Her one woman, self-written play, It Hasn’t Happened Yet is about fellow wheelchair user, Alex Saunders as she attempts to enter the funny-ha ha world of stand-up (or, in her case, sit down) comedy.
The play starts off in the dressing room of the Royal Albert Hall during the final of a national comedy competition. Alex's inner voice is personified by a look-alike puppet with a habit of putting her down.The people she meets at the theatre or elsewhere are depicted with non uniform voices and equally different opinions expressed by voiceovers.

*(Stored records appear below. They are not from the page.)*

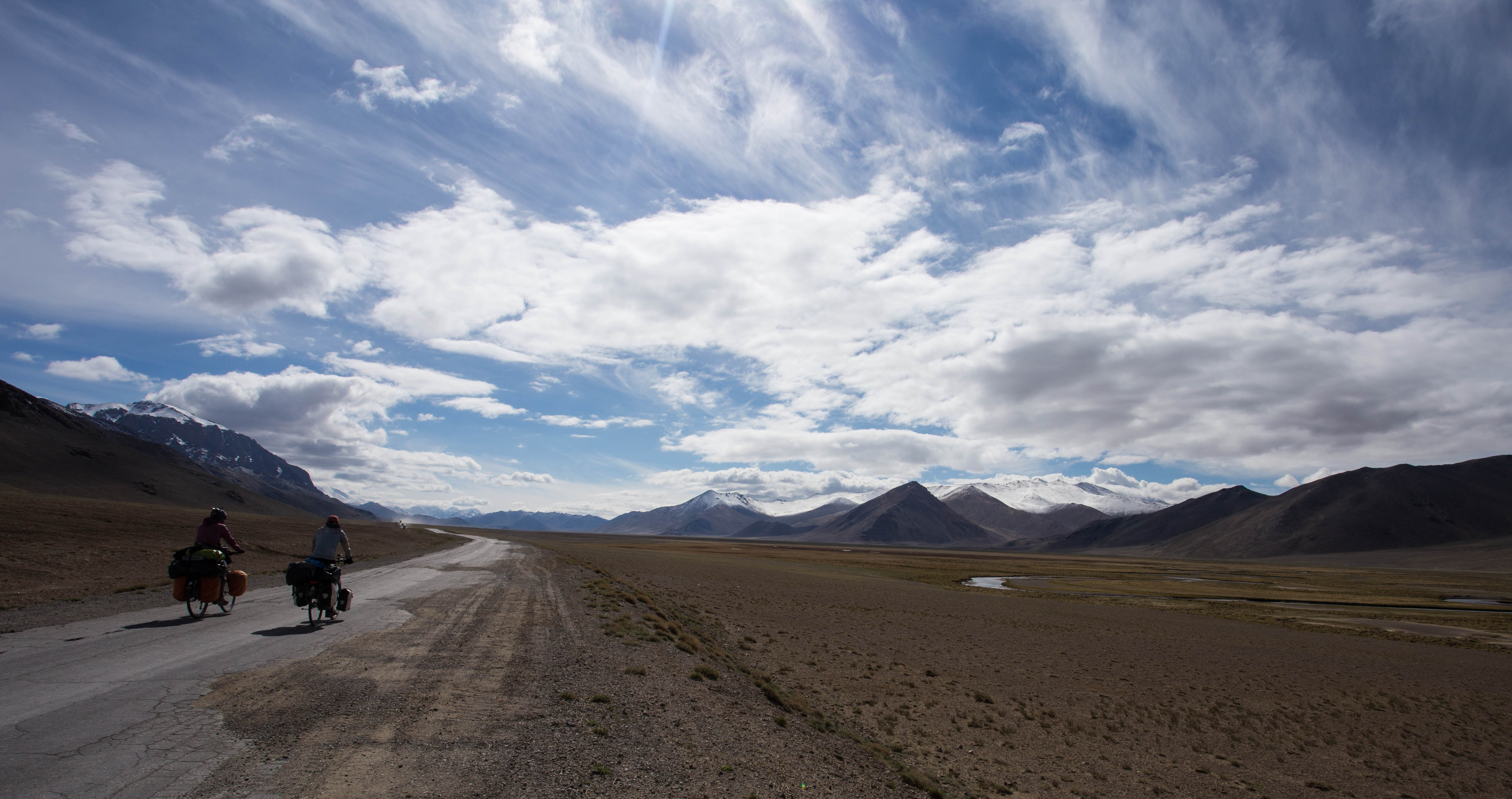 Kim and Matthew pedalling out onto the Pamir Plateau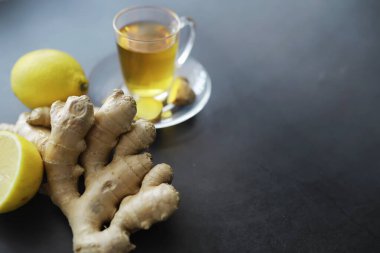 Zencefil kökü bütün ve dilimlenmiş. Koyu arkaplanda limonlu zencefil çayı. Taş zeminde taze zencefil kökü. Vitaminler. Üst Manzara. Metnin için boş yer.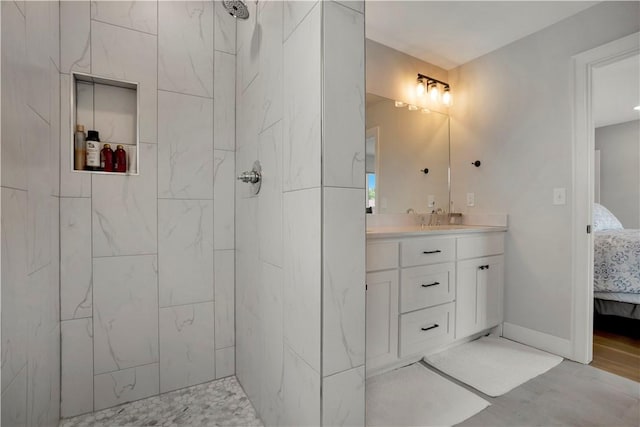 2630 N Gulley Grove Cir, Fayetteville, AR 72703 - ensuite bathroom featuring a tile shower, vanity, and wood finished floors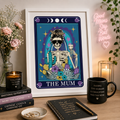 Framed tarot style print 'The Mum' with skeleton holding wine and cactus, in a styled corner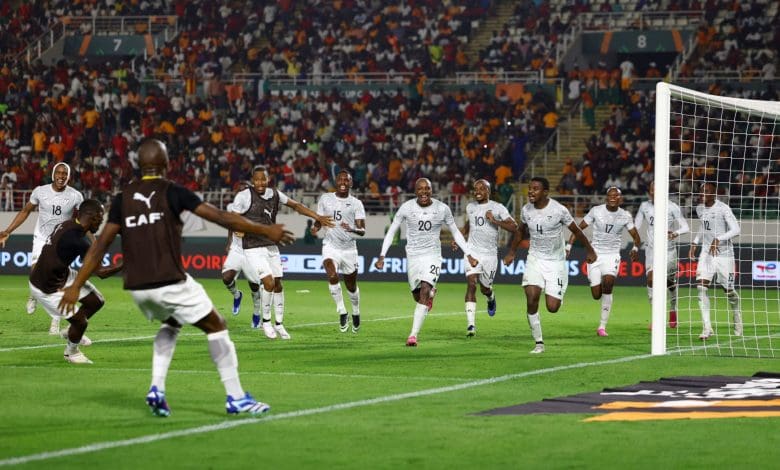 Bafana Bafana players celebrating a goal with Veli Mothwa part of it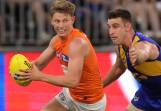 GWS star Lachie Whitfield (left) is confident he can cope with being tagged. (Richard Wainwright/AAP PHOTOS)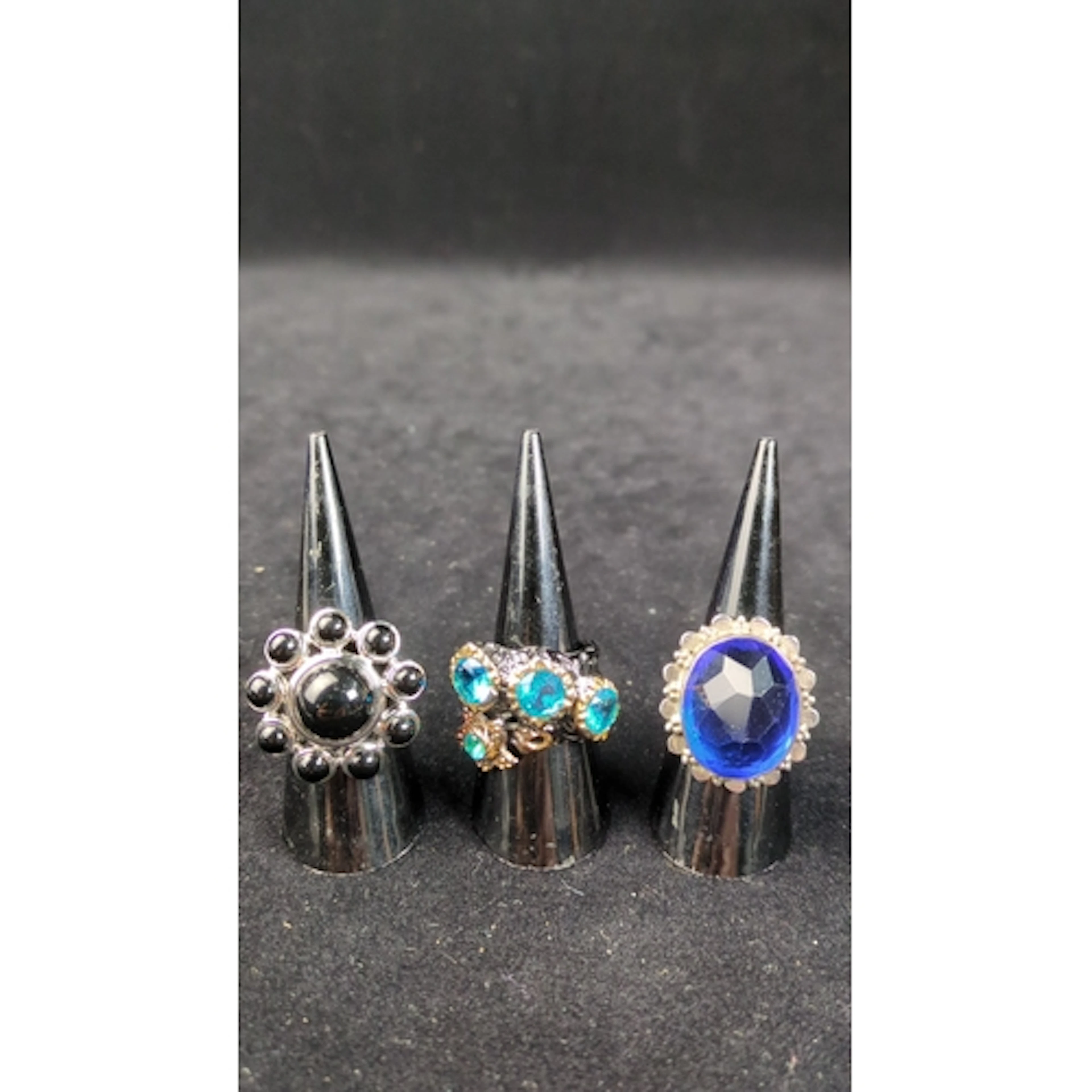 Three dress rings, one visibly stamped 925: one set with clu...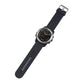 Black silicone watch strap with metal buckle and mounted on a round smartwatch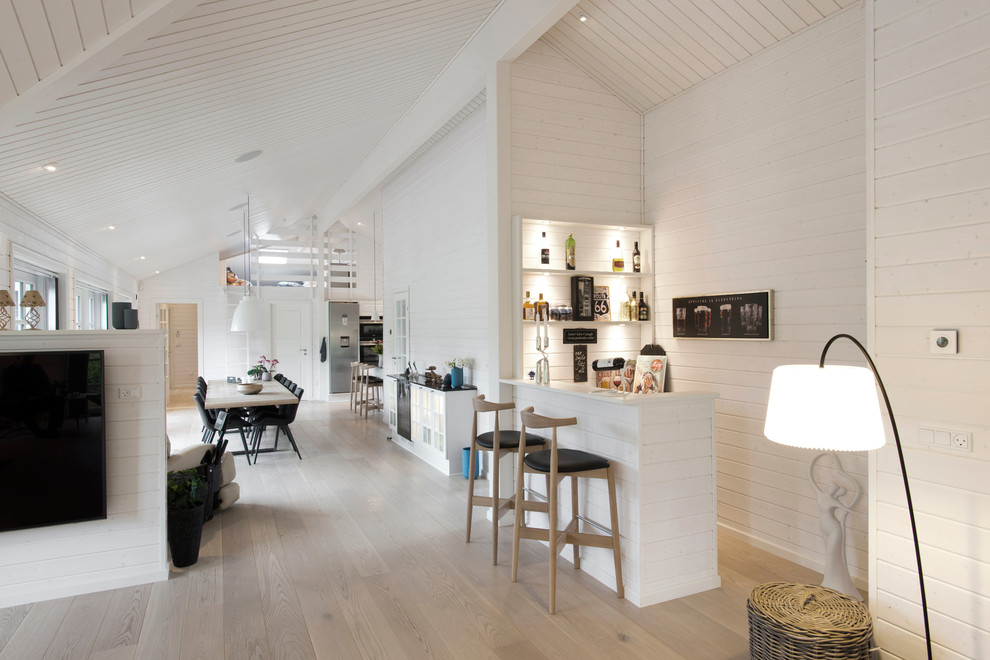 Aménagement d'un bar de salon linéaire scandinave de taille moyenne avec des tabourets, un placard sans porte, parquet clair et un sol beige.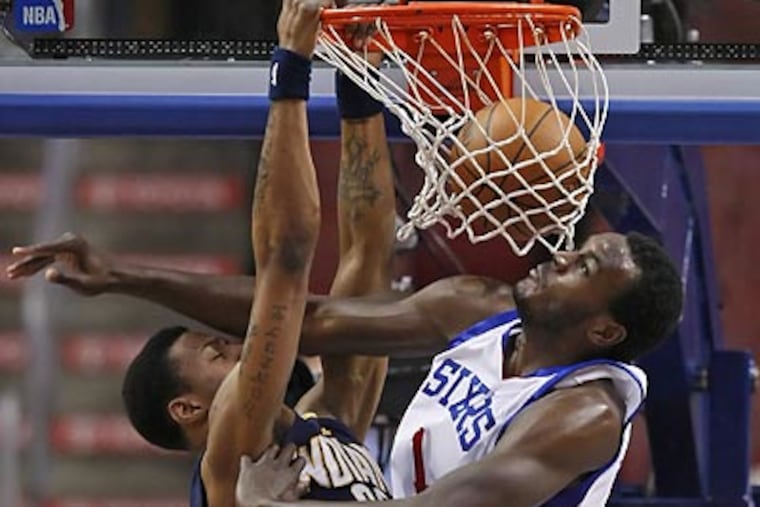 Samuel Dalembert had a close-up view of this dunk by Brandon Rush during the first quarter. (Ron Cortes/Staff Photographer)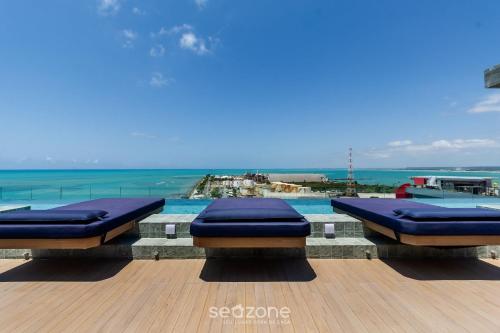 two beds on a deck with the ocean in the background at NWTs - Estúdios em Prédio com Vista Mar in Maceió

The key question that the play poses is whether you can be disabled, laugh at yourself and make the outside world laugh, too. There is never a truer word said in the saying: “Laugh and the world laughs with you: weep and you weep alone.” Carr certainly gets me laughing – and a fair chunk of the audience, too.
We follow her from failure to comedy school to the Funny factor final. Waiting in her dressing room for the big moment, Alex is obviously nervous and this is not unfounded for she is faced by a compere who hates the idea of a disabled woman trying to be funny. Whatever his opinion, I like her humour. Her jokes about fish are rewarded by spontaneous laughter and applause. “What is the difference between a piano and a fish?” Answer:”You can tune a piano but you can’t tuna fish!”
Neither her character, Alex Saunders nor Liz Carr herself, let disability prevent them from doing whatever they want. Carr is more than a one trick pony. Not only an actor, writer, and stand-up comedienne, she is also a broadcaster on disability issues with Radio 4.
The world can be anyone’s oyster, wheelchair bound or not. But it takes guts to get it.